Council workers threaten to jump Samwu ship

Saneliswe Shamase

MUNICIPAL workers affiliated to the South African Municipal Workers Union (Samwu) are threatening to jump ship....

MUNICIPAL workers affiliated to the South African Municipal Workers Union (Samwu) are threatening to jump ship.

They are dissatisfied with the way in which the union is dealing with issues that concern Msunduzi workers.

Relations between workers and the union have been near boiling point for months, and workers who spoke to The Witness did so in confidence for fear of victimisation.

They said they are considering leaving Samwu and joining the Independent Municipal and Allied Trade Union (Imatu) instead because they are reluctant to pay fees to a union that does not represent their interests.

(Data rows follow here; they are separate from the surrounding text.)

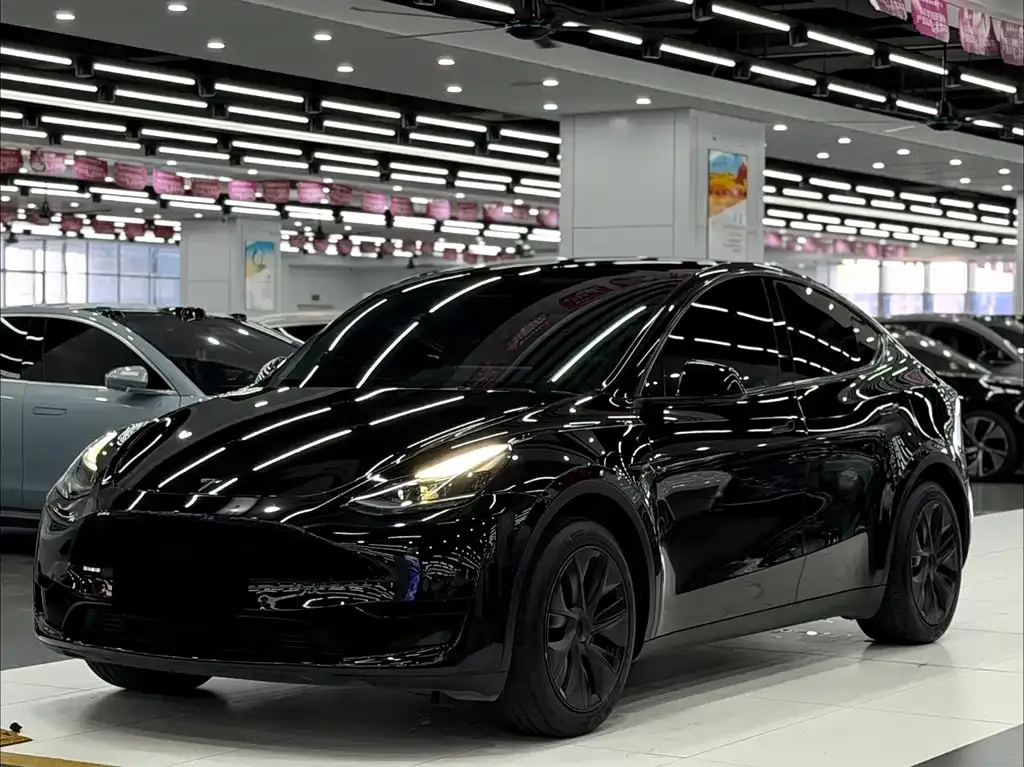 Tesla Model Y — фото 1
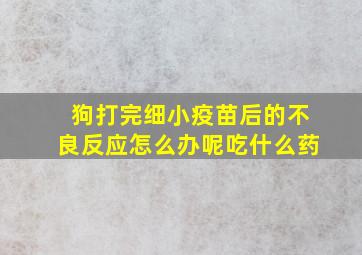 狗打完细小疫苗后的不良反应怎么办呢吃什么药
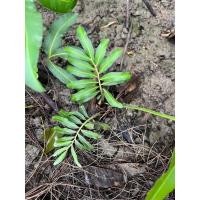 ราคา ต้นปรงทะเล หรือต้นปรงไข่ ต้นไม้สวยงาม ยอดอ่อนทานได้ มากสรรพคุณทางยา (29806445449)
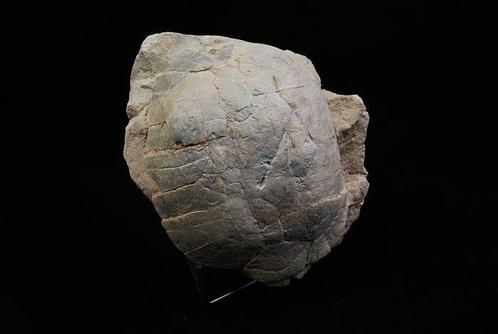 Schildpad - Fossiel rugschild - Espectacular fósil de, Verzamelen, Mineralen en Fossielen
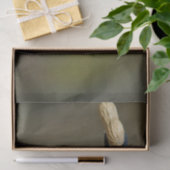 Papier Mousseline Arachide bleue (Cadeau)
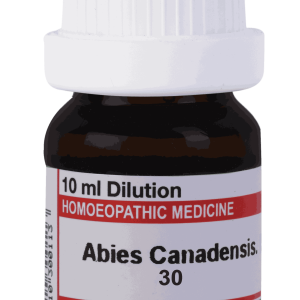  Abies Canadensis. 30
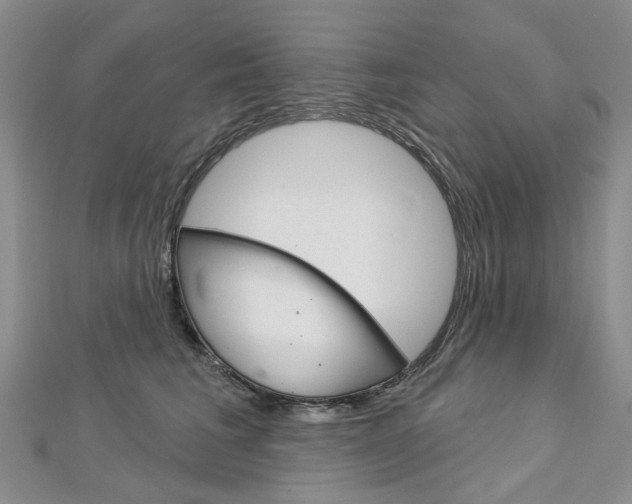 X0000113160613200909040954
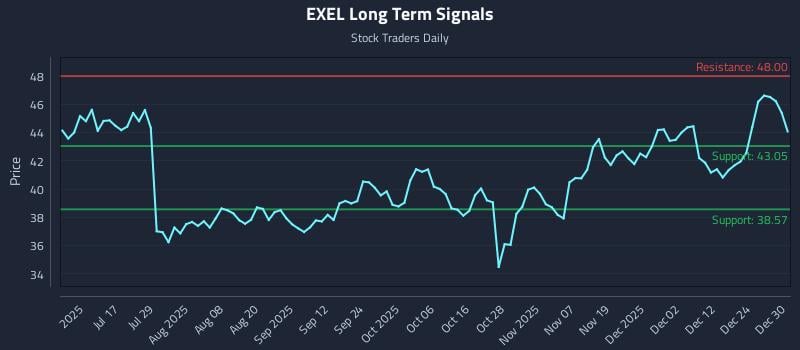 EXEL Long Term Analysis for December 31 2025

They said some shop stewards are concerned with furthering their own interests and trying to get high positions in the new municipal structure rather than dealing with workers’ problems.

“We’re still waiting for the elections of the new shop stewards because we are tired of shop stewards who use their positions to further their own agendas,” complained a member.

The Witness recently reported on divisions between Samwu members — those in favour of decisions taken by the provincial intervention team led by Johann Mettler and those who want to march against it.

Samwu provincial chairperson John Dlamini admitted that after the municipality was put under administration, there were workers who were not satisfied with their union representatives, accusing them of colluding with the intervention team behind the scenes.

He said a general meeting was called and workers were addressed about their concerns and about the process that led to the suspension of 15 shop stewards in September.

He said the workers were told that the matter was being investigated and issues concerning them would be handled by the local organiser as well as the branch leadership.

Regarding the issue of the suspended shop stewards, Dlamini said: “We’re trying to be as democratic as possible because members complained about divisions coupled with other matters. These things are still under investigation so I can’t go into detail.”

Dlamini assured workers that the suspensions will be finalised in the coming weeks.

“Let them wait for investigations to be exhausted and then the process of electing office bearers will be no problem. They just have to wait two weeks,” he said.

Dlamini encouraged unhappy union members to either phone him or write a letter so that their concerns can be dealt with.